Num mundo cada vez mais digital, quem não influencia, será inevitavelmente influenciado. Ou usando uma analogia gastronómica, “quem não se senta à mesa” (para influenciar e concretizar), faz parte do “menu” (perdendo a oportunidade de influenciar regras que, inevitavelmente, o afetarão).

É imperativo, assim, que os decisores públicos e políticos compreendam que a verdadeira transformação digital só poderá ser plenamente atingida quando as dimensões científica, tecnológica, económica, social e internacional são integradas numa visão estratégica comum e partilhada.
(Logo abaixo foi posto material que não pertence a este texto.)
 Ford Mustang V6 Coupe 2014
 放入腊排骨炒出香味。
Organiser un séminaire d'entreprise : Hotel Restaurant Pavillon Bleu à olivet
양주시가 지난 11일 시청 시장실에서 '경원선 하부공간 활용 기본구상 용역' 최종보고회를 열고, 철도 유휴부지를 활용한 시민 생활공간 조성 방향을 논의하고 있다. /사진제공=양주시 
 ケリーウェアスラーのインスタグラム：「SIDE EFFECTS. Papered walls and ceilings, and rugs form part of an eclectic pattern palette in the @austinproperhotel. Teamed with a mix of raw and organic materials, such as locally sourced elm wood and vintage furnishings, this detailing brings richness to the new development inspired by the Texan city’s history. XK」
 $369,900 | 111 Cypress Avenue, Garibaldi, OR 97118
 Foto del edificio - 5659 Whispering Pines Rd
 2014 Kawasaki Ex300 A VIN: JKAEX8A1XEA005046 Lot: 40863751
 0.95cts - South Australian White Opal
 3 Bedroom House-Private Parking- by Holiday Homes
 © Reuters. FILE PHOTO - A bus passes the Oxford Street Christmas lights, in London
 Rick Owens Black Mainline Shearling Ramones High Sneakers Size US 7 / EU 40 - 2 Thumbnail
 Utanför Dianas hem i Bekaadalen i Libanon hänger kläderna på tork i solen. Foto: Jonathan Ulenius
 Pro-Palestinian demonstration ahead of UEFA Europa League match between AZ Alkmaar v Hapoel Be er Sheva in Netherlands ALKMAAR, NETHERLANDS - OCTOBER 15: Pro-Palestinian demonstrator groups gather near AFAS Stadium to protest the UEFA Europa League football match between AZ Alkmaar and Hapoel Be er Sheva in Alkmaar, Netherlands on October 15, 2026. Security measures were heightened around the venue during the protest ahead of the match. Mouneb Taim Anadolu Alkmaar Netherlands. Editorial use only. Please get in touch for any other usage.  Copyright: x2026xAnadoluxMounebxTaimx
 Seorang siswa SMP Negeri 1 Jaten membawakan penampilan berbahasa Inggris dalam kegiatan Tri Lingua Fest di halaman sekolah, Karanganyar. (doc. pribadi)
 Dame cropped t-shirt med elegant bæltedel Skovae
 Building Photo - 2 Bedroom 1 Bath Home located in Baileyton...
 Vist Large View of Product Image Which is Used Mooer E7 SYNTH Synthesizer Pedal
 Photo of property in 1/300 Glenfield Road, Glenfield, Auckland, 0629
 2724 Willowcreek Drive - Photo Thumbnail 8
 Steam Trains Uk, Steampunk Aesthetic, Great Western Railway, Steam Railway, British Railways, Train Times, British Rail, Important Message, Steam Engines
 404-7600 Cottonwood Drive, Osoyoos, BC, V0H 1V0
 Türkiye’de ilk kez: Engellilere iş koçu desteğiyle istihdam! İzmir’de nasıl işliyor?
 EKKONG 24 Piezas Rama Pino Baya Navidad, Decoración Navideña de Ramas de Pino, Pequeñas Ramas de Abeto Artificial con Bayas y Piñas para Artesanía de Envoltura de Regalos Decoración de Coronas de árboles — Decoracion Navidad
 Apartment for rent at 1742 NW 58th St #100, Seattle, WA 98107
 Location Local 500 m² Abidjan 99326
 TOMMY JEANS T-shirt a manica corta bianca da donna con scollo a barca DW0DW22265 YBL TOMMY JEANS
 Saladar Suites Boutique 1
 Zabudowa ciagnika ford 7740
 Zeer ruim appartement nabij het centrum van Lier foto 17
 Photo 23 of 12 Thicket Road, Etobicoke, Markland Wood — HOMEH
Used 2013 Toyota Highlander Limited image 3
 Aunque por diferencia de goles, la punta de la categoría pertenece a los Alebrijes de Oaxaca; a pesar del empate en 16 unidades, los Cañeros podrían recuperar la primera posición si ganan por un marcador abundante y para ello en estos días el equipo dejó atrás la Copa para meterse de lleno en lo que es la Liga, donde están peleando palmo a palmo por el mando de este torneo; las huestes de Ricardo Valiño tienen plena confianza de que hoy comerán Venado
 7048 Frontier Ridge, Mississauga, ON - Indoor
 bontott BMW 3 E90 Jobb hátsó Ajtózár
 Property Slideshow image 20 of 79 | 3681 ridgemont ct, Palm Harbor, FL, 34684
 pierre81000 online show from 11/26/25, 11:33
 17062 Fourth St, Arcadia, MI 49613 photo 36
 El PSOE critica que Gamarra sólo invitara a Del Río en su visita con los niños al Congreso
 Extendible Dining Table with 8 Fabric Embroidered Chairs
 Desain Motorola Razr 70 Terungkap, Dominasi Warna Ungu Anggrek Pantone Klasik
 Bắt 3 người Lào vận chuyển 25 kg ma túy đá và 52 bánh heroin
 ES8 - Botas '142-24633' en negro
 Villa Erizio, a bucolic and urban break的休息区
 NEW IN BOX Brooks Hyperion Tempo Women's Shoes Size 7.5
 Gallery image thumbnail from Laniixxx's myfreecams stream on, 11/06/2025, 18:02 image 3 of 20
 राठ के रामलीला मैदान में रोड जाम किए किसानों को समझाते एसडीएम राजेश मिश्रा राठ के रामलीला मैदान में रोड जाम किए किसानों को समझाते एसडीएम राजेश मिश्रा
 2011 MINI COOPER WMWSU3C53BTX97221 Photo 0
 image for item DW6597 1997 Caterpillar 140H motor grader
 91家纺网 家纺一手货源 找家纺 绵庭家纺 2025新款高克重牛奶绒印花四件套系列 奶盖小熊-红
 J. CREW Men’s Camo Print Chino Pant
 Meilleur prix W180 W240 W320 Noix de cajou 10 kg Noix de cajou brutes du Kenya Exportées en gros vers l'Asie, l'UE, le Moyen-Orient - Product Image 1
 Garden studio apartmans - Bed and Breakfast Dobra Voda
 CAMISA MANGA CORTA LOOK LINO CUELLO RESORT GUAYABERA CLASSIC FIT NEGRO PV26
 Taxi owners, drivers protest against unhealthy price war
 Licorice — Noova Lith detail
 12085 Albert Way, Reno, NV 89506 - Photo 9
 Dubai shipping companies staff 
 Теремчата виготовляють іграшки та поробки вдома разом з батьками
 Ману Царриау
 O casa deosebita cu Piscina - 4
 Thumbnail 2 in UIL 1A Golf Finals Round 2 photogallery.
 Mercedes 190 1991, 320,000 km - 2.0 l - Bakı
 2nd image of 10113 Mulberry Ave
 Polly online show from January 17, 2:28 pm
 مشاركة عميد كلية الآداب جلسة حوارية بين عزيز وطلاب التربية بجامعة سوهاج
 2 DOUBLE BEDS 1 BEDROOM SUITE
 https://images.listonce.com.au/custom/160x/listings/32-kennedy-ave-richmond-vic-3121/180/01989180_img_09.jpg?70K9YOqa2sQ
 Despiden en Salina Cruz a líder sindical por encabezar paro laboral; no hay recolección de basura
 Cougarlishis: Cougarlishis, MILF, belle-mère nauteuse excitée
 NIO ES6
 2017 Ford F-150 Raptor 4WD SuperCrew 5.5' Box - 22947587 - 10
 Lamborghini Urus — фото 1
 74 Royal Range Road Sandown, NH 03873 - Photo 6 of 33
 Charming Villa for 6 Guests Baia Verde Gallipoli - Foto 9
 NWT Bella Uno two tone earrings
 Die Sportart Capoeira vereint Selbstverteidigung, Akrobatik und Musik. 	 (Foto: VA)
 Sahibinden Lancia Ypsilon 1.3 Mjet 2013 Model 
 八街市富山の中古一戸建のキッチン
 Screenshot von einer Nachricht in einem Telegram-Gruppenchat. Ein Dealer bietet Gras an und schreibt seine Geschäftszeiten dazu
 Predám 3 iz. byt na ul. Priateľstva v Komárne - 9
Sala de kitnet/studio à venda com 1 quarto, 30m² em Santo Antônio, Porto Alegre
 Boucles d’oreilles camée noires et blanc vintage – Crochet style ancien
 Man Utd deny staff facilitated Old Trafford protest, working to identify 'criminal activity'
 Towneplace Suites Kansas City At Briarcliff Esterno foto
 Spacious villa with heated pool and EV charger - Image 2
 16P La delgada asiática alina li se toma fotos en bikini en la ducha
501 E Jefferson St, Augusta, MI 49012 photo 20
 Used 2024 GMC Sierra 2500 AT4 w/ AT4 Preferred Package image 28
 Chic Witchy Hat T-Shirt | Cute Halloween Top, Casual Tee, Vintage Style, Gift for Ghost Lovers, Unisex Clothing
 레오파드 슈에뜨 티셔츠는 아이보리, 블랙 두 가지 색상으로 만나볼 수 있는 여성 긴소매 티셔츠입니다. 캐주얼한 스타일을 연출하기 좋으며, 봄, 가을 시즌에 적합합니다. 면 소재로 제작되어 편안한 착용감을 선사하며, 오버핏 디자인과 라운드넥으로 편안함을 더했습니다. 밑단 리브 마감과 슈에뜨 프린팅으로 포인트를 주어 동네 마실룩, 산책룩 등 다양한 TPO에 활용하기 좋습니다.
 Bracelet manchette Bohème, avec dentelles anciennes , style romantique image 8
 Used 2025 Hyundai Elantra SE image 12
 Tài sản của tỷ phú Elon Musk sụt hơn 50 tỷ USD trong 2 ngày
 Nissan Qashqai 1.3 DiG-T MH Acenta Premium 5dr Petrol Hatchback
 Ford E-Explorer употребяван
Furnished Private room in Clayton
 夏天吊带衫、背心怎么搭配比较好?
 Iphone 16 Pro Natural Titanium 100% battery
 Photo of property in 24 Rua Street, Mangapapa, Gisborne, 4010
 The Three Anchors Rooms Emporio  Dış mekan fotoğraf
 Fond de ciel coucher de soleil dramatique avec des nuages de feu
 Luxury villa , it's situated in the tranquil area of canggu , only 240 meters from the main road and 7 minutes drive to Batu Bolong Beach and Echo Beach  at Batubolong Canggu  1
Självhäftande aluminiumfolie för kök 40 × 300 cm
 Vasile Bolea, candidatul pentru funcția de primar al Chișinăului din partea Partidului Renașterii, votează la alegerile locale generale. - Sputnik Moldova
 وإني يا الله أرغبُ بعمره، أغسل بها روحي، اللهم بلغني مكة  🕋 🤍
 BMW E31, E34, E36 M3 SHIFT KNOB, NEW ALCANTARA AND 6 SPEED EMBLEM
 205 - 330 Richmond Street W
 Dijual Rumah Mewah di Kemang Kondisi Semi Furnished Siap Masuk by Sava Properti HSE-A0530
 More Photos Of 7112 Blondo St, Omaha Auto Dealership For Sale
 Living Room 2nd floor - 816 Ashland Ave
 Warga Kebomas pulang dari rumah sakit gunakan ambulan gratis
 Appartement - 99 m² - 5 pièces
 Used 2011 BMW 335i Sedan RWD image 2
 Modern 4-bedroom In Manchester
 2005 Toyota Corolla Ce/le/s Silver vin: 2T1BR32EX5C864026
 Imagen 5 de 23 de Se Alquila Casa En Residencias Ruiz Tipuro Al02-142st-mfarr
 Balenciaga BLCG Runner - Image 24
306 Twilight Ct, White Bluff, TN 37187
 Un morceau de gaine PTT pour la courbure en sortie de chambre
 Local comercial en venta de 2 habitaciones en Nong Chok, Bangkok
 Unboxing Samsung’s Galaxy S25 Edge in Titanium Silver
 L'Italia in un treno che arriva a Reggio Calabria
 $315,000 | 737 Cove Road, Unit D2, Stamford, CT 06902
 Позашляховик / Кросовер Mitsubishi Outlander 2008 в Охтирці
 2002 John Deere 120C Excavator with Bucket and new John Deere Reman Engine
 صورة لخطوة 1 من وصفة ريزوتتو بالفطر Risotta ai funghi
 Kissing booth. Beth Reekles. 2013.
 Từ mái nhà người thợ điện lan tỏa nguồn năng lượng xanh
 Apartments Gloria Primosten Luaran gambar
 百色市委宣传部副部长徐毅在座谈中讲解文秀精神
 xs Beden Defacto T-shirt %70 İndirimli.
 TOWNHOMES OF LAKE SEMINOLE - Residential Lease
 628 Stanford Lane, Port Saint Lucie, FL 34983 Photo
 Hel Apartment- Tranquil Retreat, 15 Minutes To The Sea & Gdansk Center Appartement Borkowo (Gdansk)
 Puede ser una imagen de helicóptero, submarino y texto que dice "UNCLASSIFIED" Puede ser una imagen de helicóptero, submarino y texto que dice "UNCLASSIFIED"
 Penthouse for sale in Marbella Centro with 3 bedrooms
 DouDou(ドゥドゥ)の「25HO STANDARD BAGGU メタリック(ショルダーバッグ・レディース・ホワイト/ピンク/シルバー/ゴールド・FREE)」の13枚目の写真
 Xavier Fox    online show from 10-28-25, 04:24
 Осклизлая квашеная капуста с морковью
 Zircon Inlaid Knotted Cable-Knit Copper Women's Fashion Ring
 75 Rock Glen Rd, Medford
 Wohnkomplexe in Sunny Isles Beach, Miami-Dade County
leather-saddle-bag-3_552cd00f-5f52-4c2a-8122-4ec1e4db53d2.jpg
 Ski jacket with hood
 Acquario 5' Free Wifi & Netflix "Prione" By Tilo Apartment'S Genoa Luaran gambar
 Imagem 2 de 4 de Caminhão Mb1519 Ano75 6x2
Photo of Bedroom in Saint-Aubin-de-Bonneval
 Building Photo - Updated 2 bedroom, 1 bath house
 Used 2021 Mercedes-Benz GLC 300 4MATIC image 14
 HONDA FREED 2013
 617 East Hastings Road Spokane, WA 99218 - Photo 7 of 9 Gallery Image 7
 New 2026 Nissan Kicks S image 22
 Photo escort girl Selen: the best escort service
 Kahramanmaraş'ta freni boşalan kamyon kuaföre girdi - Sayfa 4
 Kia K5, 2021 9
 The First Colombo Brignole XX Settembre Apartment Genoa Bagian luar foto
Significa isto que, hoje, já não basta marcar presença na “mesa”. É preciso afirmar uma visão estratégica própria.

Portugal não pode ser apenas mais um Estado-membro da União Europeia nas negociações sobre o digital aos níveis global e regional. Portugal deve – porque tem capacidade política e técnica - posicionar-se como um líder de uma sociedade da informação e da economia baseadas no conhecimento, influenciando a decisão política na União Europeia, na Europa e no Mundo, através de uma visão estruturada e ambição de liderança.Consideramos, por isso, ser agora o momento de mudar de escala. O novo ciclo político que se inicia oferece uma oportunidade estratégica para repensar, com ambição e sentido de urgência, a arquitetura institucional da participação portuguesa nos processos globais de governação digital.

Portugal dispõe hoje de um capital de conhecimento, da credibilidade, de entrosamento em redes e da experiência técnico-diplomática e negocial no seio das organizações internacionais que não pode ser desperdiçado, a fim de se posicionar como um ator relevante na governação digital global. Assim, o caminho a trilhar deve passar por uma presença menos dependente apenas da competência e do voluntarismo dos seus representantes em fóruns internacionais, e mais com uma ação concertada para estruturar essa presença, através do reforço da liderança política e institucional, da coordenação interministerial e da mobilização com os diversos stakeholders envolvidos, em torno de uma visão estratégica comum e coerente, que transforme essa presença e competência técnica em influência concreta a nível global.

Deste modo, face a um mundo em rápida transformação e onde a governação do digital já não é um tema setorial - é sim um eixo transversal e central para o futuro da autonomia nacional e europeia, em particular para a proteção dos direitos fundamentais e da capacidade de inovação – gostaríamos de contribuir para o desiderato de posicionar o país como uma “Nação Digital Global”, lançando para o debate duas prioridades estratégicas:

1) Acelerar a criação da Agência Nacional para o Digital, nela se incluindo competências claras para coordenar e alinhar, de forma transversal, as várias políticas públicas do digital, tal como preconizado na Estratégia Nacional para o Digital.

2) Que essa mesma Agência, em estreita articulação com as entidades responsáveis pela política externa portuguesa, esteja empoderada para liderar a elaboração de uma Estratégia Nacional de Diplomacia Digital, centrada no reforço de especialistas em governação da internet, em tecnologias digitais e em política pública, capaz de posicionar Portugal de uma forma mais estruturada, ambiciosa e influente nos processos de governação digital à escala europeia e global.


Mais do que uma necessidade institucional, trata-se de uma exigência estratégica para o futuro coletivo do nosso país.